Aim of the task
Scan the lines below for "Platinum" and copy the matches.

Data excerpts

== == ==

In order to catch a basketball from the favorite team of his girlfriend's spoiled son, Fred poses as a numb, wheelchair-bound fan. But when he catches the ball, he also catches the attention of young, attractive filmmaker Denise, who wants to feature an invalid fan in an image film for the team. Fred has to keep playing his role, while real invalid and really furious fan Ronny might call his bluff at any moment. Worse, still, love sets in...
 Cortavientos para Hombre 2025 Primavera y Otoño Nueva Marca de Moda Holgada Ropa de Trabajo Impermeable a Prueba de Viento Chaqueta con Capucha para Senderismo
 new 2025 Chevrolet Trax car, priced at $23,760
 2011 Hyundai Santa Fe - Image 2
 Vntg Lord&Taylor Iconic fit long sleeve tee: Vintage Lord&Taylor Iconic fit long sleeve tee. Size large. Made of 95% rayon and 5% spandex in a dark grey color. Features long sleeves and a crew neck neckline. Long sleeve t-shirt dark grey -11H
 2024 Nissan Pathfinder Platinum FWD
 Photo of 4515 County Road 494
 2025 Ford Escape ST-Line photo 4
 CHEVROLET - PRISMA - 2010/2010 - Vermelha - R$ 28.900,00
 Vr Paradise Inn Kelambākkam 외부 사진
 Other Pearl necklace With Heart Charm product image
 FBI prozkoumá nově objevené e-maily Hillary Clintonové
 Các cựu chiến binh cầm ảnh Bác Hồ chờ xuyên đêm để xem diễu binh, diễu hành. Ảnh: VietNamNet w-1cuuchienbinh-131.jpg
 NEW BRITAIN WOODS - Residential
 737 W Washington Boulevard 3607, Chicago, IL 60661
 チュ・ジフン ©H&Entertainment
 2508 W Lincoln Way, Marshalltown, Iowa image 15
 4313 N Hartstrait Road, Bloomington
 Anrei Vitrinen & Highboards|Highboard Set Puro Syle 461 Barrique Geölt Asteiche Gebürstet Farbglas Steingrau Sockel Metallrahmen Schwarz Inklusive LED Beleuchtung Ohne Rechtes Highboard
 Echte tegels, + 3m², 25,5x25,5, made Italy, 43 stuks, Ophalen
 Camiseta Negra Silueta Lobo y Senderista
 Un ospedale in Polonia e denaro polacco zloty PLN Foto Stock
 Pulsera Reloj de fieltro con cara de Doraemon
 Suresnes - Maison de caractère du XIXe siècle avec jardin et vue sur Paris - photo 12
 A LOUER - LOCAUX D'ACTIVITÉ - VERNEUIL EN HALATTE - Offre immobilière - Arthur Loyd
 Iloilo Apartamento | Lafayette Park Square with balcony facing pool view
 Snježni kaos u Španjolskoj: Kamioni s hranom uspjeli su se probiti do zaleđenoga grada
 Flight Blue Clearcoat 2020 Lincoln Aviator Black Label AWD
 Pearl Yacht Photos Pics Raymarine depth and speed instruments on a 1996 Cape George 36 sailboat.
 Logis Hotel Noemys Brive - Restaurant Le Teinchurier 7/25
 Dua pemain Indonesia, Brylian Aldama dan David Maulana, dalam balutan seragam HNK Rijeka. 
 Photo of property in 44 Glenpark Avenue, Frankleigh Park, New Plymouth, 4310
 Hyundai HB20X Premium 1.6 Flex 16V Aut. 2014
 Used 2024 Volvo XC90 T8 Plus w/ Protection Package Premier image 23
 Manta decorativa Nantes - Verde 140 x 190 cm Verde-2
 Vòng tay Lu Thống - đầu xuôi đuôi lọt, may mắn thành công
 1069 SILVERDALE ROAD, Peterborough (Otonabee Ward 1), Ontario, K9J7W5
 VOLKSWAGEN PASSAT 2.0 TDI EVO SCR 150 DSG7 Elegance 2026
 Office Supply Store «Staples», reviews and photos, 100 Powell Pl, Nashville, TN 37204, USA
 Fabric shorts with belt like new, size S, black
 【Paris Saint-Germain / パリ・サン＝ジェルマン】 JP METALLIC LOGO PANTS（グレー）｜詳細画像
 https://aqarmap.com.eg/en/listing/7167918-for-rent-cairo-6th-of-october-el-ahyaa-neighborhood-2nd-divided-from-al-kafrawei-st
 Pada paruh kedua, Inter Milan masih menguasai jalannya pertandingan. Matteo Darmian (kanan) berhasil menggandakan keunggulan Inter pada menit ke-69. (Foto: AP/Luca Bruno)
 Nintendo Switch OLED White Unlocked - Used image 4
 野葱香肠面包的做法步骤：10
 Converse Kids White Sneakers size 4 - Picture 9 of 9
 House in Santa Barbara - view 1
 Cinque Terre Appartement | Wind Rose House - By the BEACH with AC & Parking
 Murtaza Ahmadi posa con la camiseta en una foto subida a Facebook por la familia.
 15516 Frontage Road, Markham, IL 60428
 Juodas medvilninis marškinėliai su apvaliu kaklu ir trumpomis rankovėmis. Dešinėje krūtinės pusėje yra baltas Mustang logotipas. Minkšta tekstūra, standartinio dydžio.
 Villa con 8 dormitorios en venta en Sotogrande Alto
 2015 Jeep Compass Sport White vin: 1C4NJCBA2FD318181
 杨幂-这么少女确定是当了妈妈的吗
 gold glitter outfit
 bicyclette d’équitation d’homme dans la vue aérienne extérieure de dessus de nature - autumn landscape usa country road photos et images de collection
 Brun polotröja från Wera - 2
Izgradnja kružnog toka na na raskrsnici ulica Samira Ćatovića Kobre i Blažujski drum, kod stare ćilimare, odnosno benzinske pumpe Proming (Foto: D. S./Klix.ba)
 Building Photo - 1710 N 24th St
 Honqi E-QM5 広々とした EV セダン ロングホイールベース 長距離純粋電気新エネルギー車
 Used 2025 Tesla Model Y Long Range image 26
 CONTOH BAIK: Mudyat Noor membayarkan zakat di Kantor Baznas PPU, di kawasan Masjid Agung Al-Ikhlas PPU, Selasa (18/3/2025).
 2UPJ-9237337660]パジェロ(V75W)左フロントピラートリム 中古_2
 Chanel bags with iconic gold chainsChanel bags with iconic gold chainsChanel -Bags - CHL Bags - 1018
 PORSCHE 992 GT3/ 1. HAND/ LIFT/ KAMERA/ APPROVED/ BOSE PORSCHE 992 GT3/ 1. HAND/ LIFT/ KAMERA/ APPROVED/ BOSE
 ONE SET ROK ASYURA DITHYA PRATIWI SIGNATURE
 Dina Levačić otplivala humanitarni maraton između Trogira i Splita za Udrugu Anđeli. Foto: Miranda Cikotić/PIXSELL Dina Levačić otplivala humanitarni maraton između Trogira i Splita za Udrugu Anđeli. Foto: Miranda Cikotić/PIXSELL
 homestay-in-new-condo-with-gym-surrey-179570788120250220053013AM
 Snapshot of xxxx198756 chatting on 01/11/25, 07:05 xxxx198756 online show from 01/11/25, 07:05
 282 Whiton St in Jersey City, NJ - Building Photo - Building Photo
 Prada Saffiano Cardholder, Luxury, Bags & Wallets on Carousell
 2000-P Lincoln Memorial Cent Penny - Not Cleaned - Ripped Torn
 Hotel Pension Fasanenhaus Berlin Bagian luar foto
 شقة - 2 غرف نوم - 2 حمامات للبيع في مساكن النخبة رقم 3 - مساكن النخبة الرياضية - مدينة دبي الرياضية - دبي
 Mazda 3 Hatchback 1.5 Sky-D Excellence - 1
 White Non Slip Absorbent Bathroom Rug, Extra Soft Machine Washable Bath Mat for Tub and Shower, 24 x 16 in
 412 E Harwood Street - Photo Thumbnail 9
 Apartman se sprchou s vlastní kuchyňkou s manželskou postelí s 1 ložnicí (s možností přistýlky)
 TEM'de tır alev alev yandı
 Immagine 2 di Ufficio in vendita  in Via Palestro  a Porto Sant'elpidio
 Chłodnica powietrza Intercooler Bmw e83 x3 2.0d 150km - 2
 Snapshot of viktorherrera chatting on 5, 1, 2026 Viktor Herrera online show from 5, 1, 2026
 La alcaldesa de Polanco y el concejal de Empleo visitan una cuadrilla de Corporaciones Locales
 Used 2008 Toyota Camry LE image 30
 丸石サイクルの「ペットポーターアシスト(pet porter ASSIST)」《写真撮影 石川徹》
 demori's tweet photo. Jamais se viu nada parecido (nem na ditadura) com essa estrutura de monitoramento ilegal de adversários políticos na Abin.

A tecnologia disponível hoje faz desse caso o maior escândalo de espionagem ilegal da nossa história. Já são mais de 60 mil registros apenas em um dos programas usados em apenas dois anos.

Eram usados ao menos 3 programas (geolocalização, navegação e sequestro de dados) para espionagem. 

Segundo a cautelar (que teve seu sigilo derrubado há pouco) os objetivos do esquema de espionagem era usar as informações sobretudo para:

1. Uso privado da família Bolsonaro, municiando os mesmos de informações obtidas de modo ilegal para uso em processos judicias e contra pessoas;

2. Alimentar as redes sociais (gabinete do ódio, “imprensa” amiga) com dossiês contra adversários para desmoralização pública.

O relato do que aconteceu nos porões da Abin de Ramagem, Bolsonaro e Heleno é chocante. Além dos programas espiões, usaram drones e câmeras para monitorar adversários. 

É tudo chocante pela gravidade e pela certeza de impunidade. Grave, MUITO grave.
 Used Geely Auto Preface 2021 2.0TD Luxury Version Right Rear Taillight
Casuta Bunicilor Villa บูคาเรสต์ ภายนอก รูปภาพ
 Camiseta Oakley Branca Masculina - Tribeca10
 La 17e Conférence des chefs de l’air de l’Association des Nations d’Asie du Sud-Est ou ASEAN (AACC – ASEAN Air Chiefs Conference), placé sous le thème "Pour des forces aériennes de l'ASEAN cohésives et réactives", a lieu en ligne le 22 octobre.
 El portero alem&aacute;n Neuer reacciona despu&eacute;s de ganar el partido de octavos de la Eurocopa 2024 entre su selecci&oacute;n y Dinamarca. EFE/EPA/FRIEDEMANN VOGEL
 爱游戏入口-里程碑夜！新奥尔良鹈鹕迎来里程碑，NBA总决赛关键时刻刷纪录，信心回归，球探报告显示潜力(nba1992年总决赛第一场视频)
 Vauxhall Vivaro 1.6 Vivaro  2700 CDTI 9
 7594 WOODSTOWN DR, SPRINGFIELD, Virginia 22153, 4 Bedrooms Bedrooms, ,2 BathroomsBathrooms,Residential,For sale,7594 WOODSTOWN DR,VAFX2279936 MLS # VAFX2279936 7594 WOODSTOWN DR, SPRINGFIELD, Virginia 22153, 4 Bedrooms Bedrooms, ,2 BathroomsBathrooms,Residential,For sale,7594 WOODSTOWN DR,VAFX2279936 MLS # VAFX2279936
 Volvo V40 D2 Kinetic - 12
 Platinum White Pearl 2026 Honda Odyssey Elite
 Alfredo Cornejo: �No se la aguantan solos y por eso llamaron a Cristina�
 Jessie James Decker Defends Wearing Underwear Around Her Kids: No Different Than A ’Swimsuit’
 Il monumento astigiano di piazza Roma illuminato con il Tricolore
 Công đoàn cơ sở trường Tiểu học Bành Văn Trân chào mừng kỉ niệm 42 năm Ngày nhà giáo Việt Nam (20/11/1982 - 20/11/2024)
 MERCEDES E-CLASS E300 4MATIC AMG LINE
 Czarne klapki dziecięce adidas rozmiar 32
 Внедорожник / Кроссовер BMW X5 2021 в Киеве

== == ==

Exercise answer
 2024 Nissan Pathfinder Platinum FWD
 Platinum White Pearl 2026 Honda Odyssey Elite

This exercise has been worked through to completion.